PP Red Man Hermitage

PP Red Genius “Red Man” with “All Power to the Soviets” banner, Mikhail Adamovich and Maria Kirillova, 1921; “Red Genius” with the slogan “We will Emblazon the World with the Third International”, Alisa Golenkina, 1920.

PP Star

PP Large Star with a Shief

PP Eat“The Star”, Mikhail Adamovich, 1921; “Large Star with Sheaf “, Nina Zander, Sergey Chekhonin and L.Vychegzhanin, 1921; “Who Does Not Work, Neither Will He Eat”, Maria Lebedeva, 1920.

PP Stir

PP Cup and Saucer
“Stir” Cup & Saucer, Alexandra Shchekotikhina-Pototskaya, 1920;  “A Hammer, Sickle, and Gear Wheel” Cup & Saucer, Victor Rilde, 1921-22.

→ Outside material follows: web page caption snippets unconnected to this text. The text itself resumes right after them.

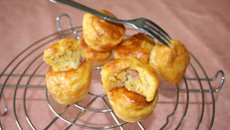 mini cakes oignons lardons, carottes, chèvre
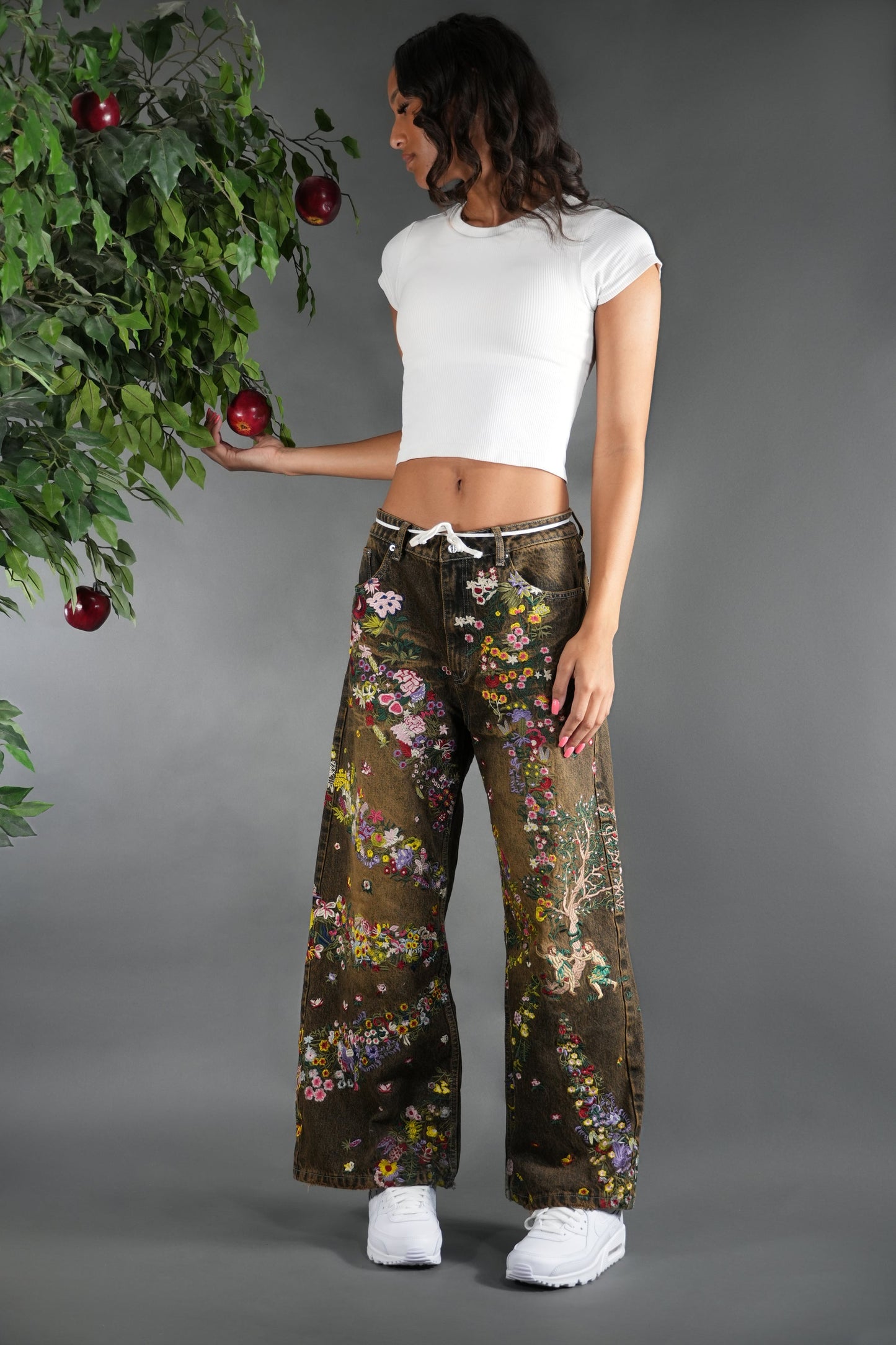 Embroidered Eden Denim (Premade)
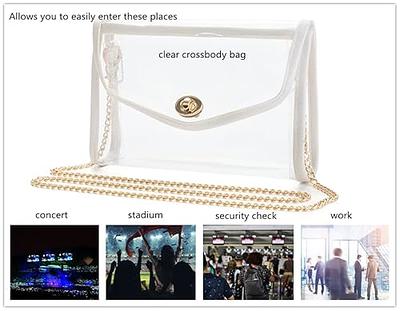  Veluckin Clear Crossbody Purse Bag, Clear Shoulder Bag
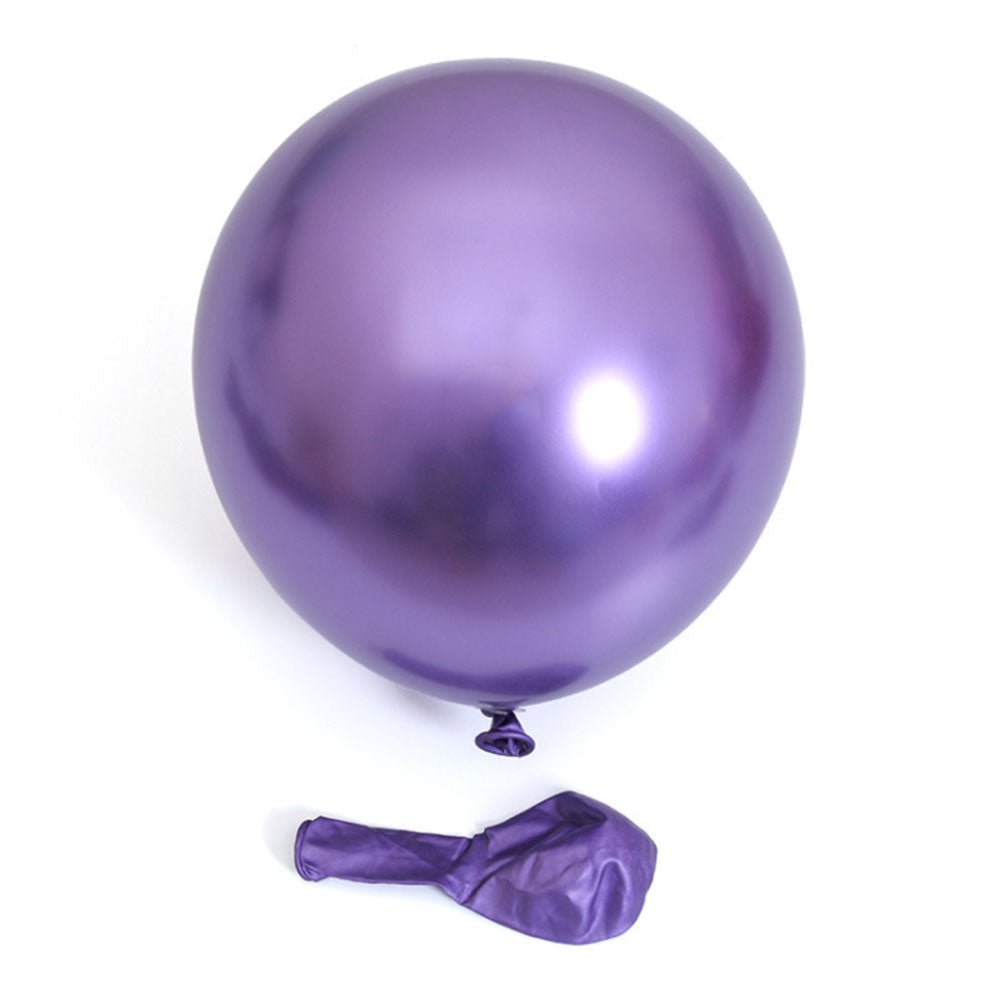 Ins Style 134 Purple Blue Metal Latex Balloon Chain Set Set - Krosscanada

There are later examples, all the way up to the Stalin era, but it’s these early 1920s designs that are particularly distinctive. Looking at them, I find it relatively easy to conjure up an idealistic image of all these young avant–garde artists rushing into what must have been a venerable symbol of the excess of the Tsarist regime with free rein (well not really) to do with whatever they found there. Peasants let loose in a newly-liberated castle! They might have wanted to smash all of that porcelain, but instead they turned plates and cups into canvases. Another contradiction–not just the porcelain and the propaganda—is apparent here: artistic individualism and communism. Party plates will come later. These artists are certainly not the first to produce serving ware with a message—I think you have to acknowledge Wedgwood’s abolition products in the eighteenth century and Staffordshire “free trade” plates in the nineteenth–but they did bring an enthusiastic expressiveness to the table.
PP Free trade
Propaganda Pottery collage
A Staffordshire whiteware “Commerce” Plate c. 1830, and two striking examples of Propaganda pottery English-made Napoleon CHAMBERPOT and Hitler ashtray.